Bhopal Gas Web Series Stirs New Generation, But Tragedy Far From Over

Farah Edwards, a witness to the world's worst industrial disaster, describes herself on X bio, as an increasingly angry thorn in the side of the Dow Chemical Company, the butchers of Bhopal. Born and raised in Bhopal, Farah is now settled in London. She is also associated with, which runs campaigns for justice for the survivors of the Bhopal gas tragedy. Read her review of The Railway Men

I am not the ideal reviewer because I am too close to Bhopal. I have seen every documentary and most of the photos taken. I was standing beside the photographer when some of the pictures used in the series were taken.

I was excited when I heard that a series about Bhopal was going to be released on Netflix, and I watched The Railway Men with anticipation because my favorite actor’s son had a central role, and I wanted him to succeed.
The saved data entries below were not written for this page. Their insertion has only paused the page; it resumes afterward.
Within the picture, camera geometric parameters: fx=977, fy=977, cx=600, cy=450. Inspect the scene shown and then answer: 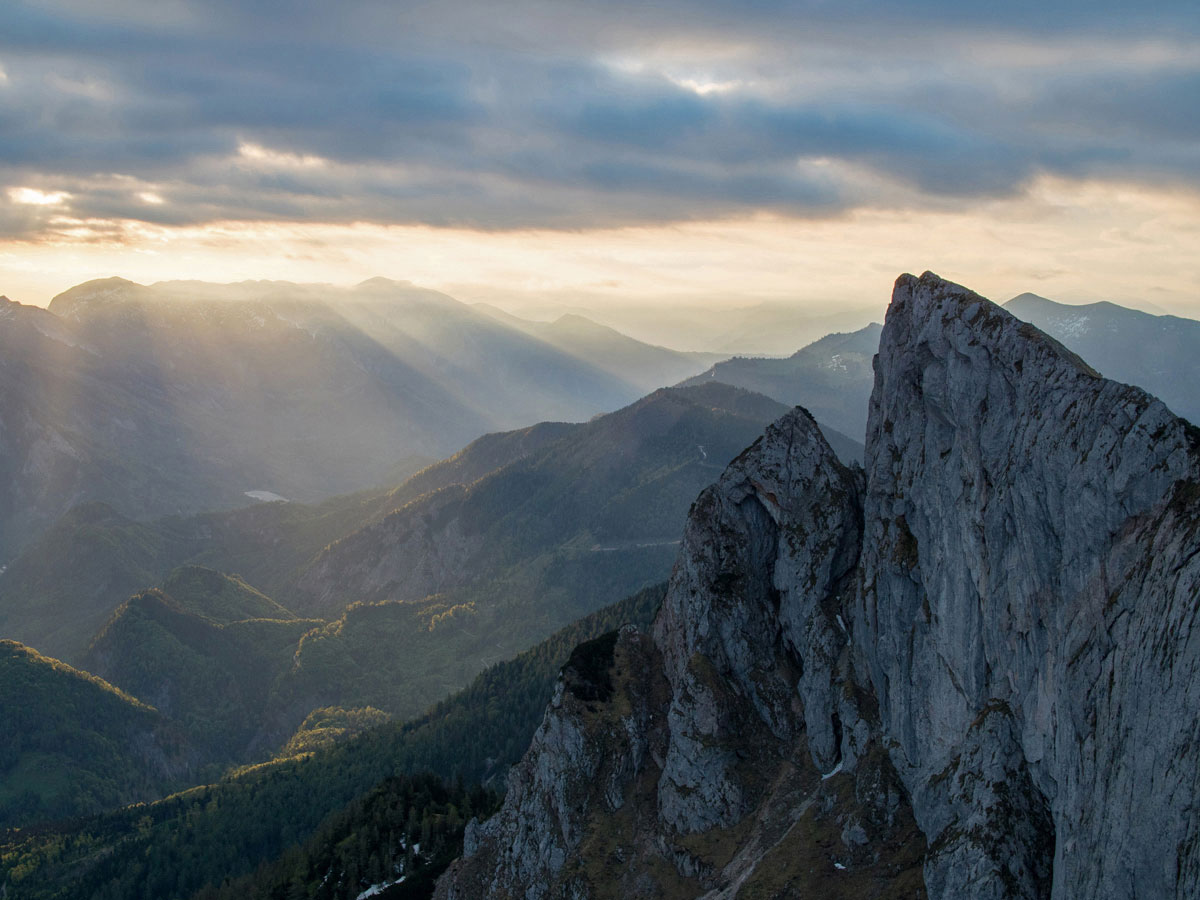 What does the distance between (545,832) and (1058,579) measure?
3022 inches

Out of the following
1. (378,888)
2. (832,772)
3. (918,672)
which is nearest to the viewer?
(918,672)

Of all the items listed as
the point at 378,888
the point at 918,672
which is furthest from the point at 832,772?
the point at 378,888

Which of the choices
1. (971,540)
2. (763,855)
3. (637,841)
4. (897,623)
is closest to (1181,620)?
(971,540)

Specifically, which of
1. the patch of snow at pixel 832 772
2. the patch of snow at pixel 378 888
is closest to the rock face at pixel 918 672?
the patch of snow at pixel 832 772

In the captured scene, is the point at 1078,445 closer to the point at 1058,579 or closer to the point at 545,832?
the point at 1058,579

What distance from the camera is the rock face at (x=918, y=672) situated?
192 feet

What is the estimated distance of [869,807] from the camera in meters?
90.9

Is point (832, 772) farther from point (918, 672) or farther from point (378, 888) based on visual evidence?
point (378, 888)

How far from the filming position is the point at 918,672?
87.9 metres

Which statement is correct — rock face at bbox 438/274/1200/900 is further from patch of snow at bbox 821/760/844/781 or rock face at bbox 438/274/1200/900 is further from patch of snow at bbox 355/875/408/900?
patch of snow at bbox 355/875/408/900

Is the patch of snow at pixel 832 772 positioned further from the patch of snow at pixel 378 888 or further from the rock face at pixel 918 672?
the patch of snow at pixel 378 888

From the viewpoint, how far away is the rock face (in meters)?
58.5

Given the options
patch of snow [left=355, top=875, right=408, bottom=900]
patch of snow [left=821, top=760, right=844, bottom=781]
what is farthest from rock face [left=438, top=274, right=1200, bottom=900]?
patch of snow [left=355, top=875, right=408, bottom=900]

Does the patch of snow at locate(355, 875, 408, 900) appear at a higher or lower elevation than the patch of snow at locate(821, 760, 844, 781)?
lower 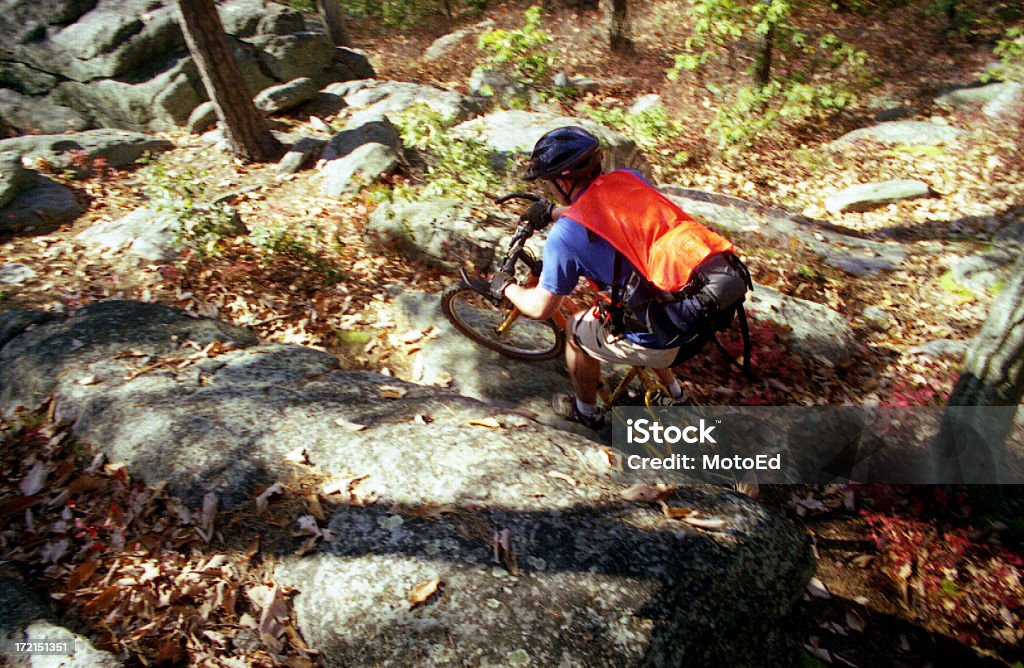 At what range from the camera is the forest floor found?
4.51 metres

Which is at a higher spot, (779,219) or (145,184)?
(145,184)

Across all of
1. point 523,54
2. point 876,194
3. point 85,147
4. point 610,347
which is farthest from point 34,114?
point 876,194

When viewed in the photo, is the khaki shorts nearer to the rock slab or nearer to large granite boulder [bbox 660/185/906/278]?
large granite boulder [bbox 660/185/906/278]

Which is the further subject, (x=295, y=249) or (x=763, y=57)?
(x=763, y=57)

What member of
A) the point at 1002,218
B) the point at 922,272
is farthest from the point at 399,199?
the point at 1002,218

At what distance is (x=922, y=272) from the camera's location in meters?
8.05

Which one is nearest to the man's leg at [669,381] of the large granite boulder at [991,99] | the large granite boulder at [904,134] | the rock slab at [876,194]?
the rock slab at [876,194]

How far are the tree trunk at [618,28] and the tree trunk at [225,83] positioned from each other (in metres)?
9.80

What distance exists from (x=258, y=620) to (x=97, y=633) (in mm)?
855

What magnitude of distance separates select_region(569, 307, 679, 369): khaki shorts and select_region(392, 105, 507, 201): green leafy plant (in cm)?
428

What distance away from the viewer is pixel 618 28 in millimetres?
15016

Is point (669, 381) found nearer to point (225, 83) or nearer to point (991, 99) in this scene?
point (225, 83)

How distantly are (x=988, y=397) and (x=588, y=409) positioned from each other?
325 cm

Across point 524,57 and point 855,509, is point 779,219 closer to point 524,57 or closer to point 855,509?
point 855,509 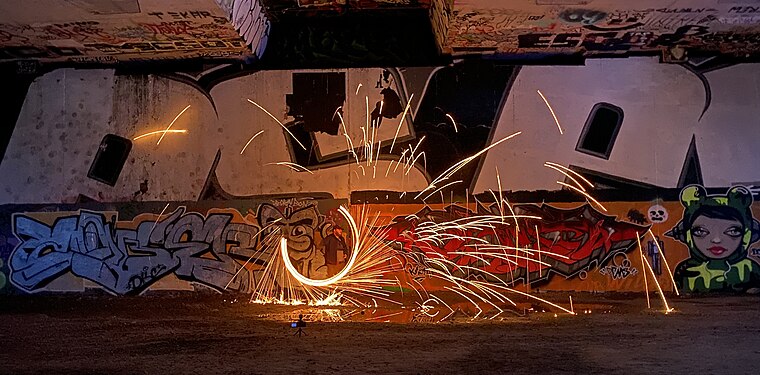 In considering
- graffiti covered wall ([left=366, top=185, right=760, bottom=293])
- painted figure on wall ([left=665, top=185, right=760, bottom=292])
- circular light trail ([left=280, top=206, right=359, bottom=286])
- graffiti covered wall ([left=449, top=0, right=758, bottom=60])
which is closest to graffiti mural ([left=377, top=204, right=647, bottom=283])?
graffiti covered wall ([left=366, top=185, right=760, bottom=293])

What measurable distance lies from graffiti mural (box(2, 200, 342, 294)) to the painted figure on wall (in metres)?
7.55

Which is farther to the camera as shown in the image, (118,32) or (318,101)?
(318,101)

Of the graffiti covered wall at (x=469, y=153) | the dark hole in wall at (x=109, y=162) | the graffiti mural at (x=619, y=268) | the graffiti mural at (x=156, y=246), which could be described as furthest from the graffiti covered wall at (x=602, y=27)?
the dark hole in wall at (x=109, y=162)

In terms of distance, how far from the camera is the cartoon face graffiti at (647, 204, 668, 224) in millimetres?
13344

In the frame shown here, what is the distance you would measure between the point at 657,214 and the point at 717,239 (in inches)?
51.7

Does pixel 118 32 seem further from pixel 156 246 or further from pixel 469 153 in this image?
pixel 469 153

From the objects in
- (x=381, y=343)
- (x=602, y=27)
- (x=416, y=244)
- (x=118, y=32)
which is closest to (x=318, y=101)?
(x=416, y=244)

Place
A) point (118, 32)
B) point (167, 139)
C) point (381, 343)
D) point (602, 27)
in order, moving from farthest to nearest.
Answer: point (167, 139) < point (118, 32) < point (602, 27) < point (381, 343)

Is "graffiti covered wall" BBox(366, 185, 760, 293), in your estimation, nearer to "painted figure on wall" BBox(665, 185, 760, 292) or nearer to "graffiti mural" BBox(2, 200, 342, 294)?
"painted figure on wall" BBox(665, 185, 760, 292)

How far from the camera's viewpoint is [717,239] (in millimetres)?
13297

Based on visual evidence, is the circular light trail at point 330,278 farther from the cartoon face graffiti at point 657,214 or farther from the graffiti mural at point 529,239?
the cartoon face graffiti at point 657,214

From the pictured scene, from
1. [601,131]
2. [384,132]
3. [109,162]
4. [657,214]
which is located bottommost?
[657,214]

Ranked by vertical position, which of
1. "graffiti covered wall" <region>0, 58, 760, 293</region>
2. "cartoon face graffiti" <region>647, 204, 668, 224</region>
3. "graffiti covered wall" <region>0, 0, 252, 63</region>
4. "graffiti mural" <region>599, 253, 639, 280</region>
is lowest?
"graffiti mural" <region>599, 253, 639, 280</region>

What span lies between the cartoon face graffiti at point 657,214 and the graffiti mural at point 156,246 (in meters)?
Result: 6.86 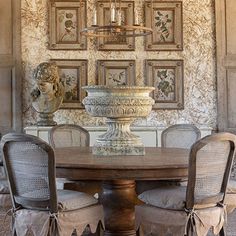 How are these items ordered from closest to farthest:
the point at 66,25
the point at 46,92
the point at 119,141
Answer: the point at 119,141 → the point at 46,92 → the point at 66,25

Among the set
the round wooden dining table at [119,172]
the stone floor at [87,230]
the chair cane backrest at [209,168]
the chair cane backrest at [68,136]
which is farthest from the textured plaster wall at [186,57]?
the chair cane backrest at [209,168]

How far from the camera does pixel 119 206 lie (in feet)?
9.88

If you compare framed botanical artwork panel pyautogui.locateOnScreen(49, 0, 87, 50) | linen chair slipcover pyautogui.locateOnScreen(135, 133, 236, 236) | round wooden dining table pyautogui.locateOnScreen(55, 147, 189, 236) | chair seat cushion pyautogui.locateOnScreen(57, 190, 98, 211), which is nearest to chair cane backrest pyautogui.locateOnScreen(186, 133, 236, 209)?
linen chair slipcover pyautogui.locateOnScreen(135, 133, 236, 236)

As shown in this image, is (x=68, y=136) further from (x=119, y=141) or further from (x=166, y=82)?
(x=166, y=82)

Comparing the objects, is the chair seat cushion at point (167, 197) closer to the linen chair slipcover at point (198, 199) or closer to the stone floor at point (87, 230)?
the linen chair slipcover at point (198, 199)

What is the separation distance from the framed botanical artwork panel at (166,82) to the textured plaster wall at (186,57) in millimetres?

Babil, as Imad Riaz, is great. He spoke with a theet Bhopali dialect and acted really well.

I wish the writers had focused more on some of the individuals and their lives, showing more of the essence of the city I know so well.

There were some very powerful moments in the series that brought tears to my eyes, especially when Babil spoke about his friend based on Ashraf Khan, the real-life worker killed in 1981. Babil was his best friend, and I knew the family of the real Babil, whose name was Chand mia.

When I saw the disabled boy, I wasn’t shocked because that is the reality of Bhopal, and people are living it, still suffering illness and disease due to the gas, still being poisoned by water made toxic by Union Carbide’s negligence.

The thing is that The Railway Men has stirred the new generation, unfortunately, it has also brought out those looking for narrow political point-scoring, reducing a tragedy of a thousand crimes, and counting, to the single event of Anderson’s flight from India.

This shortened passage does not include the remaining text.